> **WORK TO COMPLETE**: Could you copy exactly the lines below from the one with "A balcony with" to the one with "Happy Woman In", inclusive, leaving out any pictures?

> **PROVIDED RECORDS**:
--
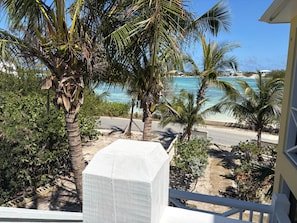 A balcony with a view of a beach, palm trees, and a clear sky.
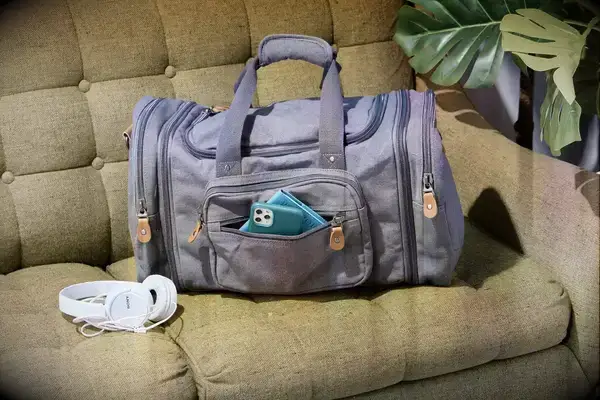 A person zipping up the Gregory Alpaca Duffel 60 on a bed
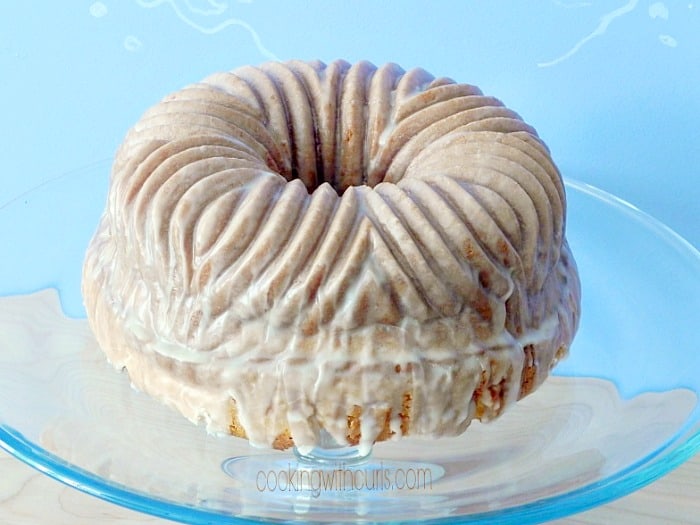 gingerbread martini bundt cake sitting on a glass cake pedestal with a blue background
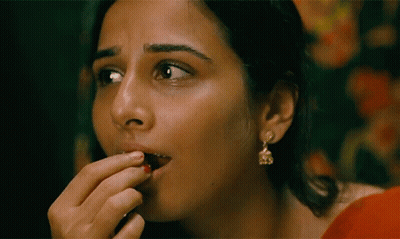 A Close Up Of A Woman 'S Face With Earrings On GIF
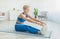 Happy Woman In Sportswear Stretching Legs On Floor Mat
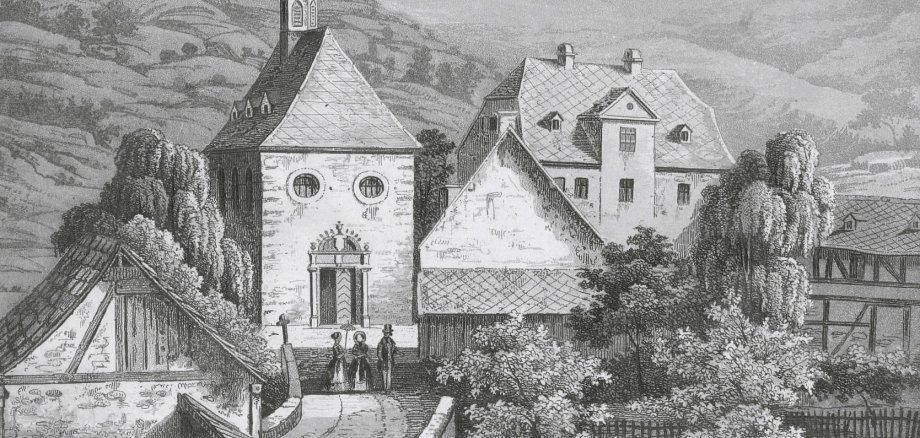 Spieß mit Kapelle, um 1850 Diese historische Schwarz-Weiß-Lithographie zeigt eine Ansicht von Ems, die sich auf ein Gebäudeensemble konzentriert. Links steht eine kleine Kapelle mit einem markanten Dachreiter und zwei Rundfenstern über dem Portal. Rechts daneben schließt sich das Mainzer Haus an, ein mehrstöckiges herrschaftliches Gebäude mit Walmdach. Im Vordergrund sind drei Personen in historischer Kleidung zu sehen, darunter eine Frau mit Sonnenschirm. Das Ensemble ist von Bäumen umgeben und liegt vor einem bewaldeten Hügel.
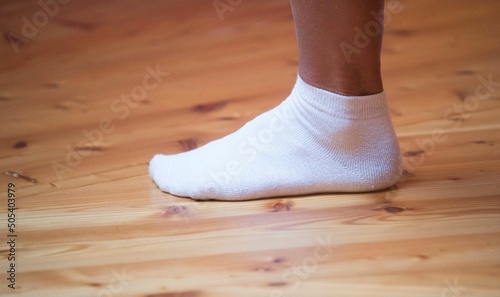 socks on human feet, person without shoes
--
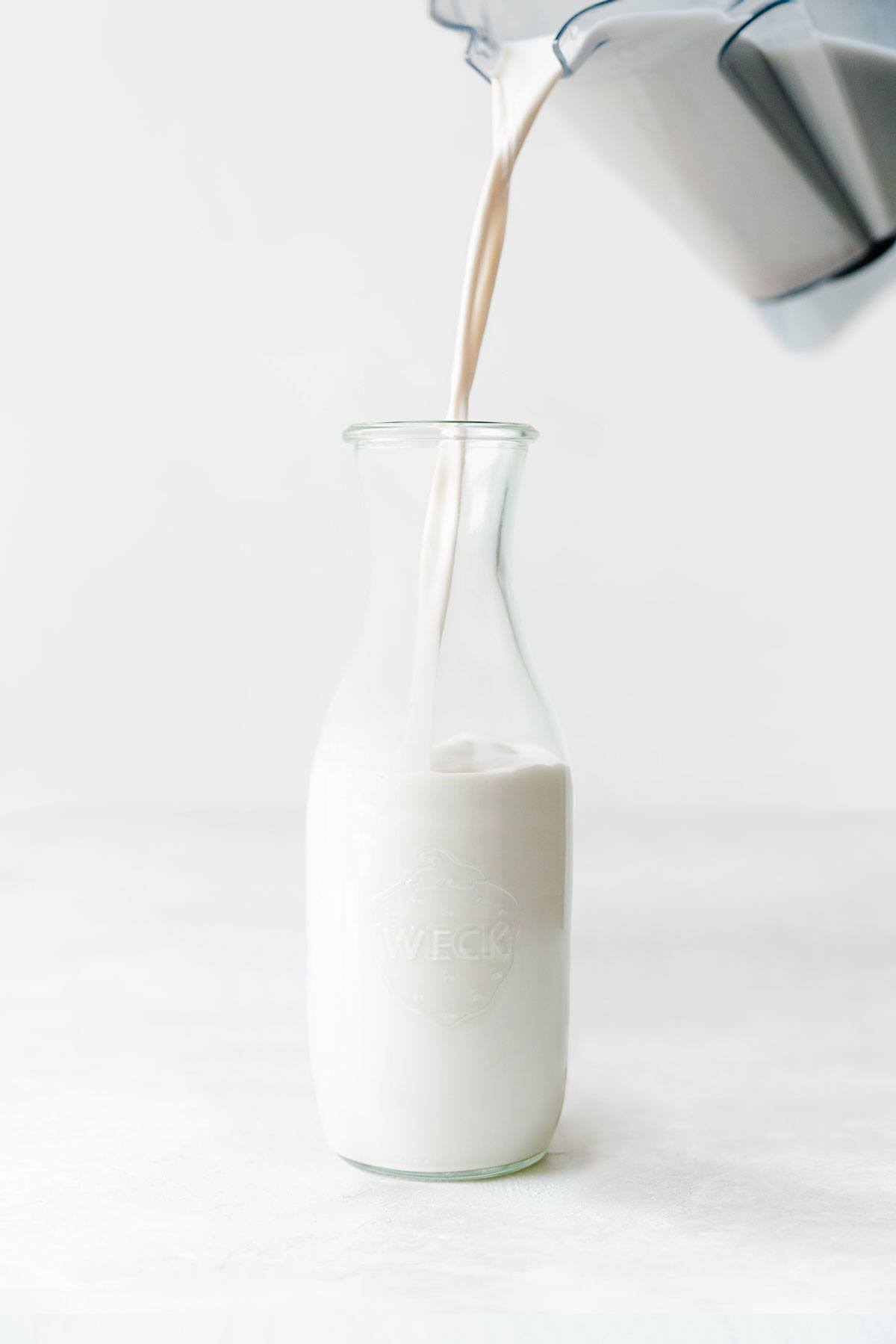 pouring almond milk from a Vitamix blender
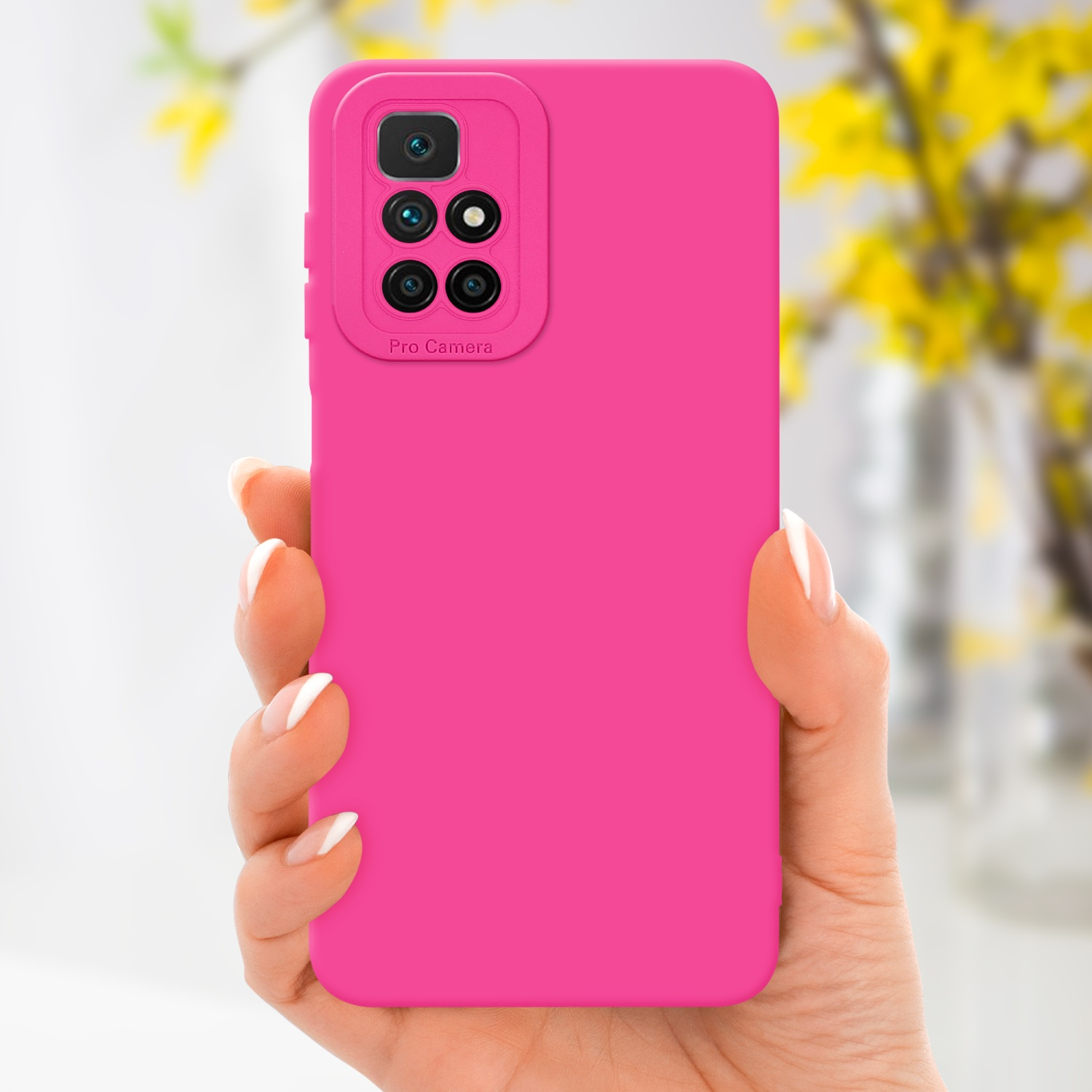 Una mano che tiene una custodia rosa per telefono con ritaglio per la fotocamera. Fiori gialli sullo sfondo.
--
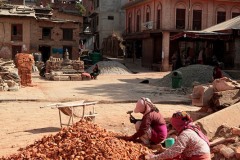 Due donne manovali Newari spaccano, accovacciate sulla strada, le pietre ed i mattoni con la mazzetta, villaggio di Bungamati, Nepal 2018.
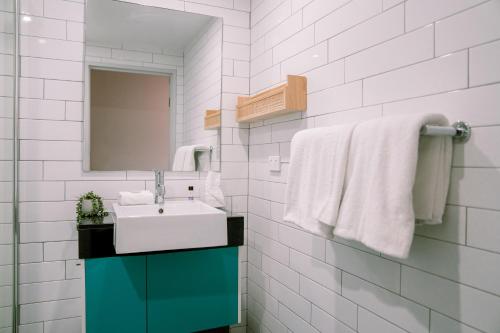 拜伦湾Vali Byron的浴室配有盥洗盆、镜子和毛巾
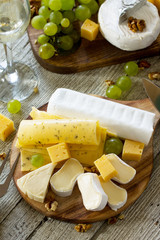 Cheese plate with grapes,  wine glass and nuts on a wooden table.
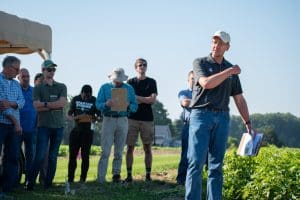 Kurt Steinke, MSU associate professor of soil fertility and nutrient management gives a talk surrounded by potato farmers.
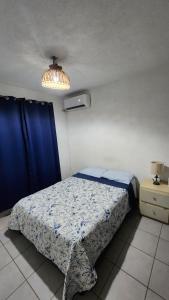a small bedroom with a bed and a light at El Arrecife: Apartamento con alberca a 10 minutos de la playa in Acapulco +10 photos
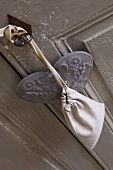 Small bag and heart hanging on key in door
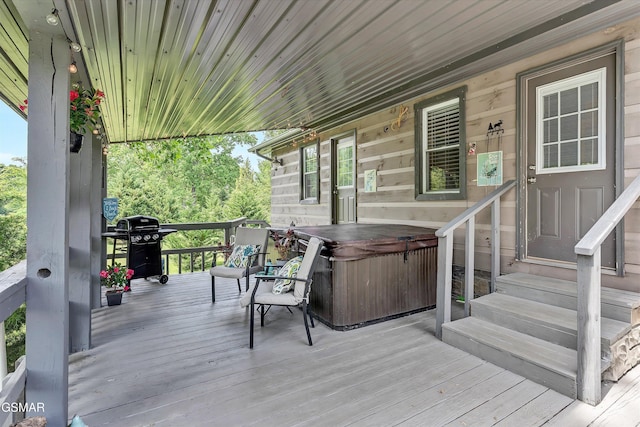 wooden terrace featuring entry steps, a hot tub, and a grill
--
> **EXERCISE RESULT**:
 A balcony with a view of a beach, palm trees, and a clear sky.
 A person zipping up the Gregory Alpaca Duffel 60 on a bed
 gingerbread martini bundt cake sitting on a glass cake pedestal with a blue background
 A Close Up Of A Woman 'S Face With Earrings On GIF
 Happy Woman In Sportswear Stretching Legs On Floor Mat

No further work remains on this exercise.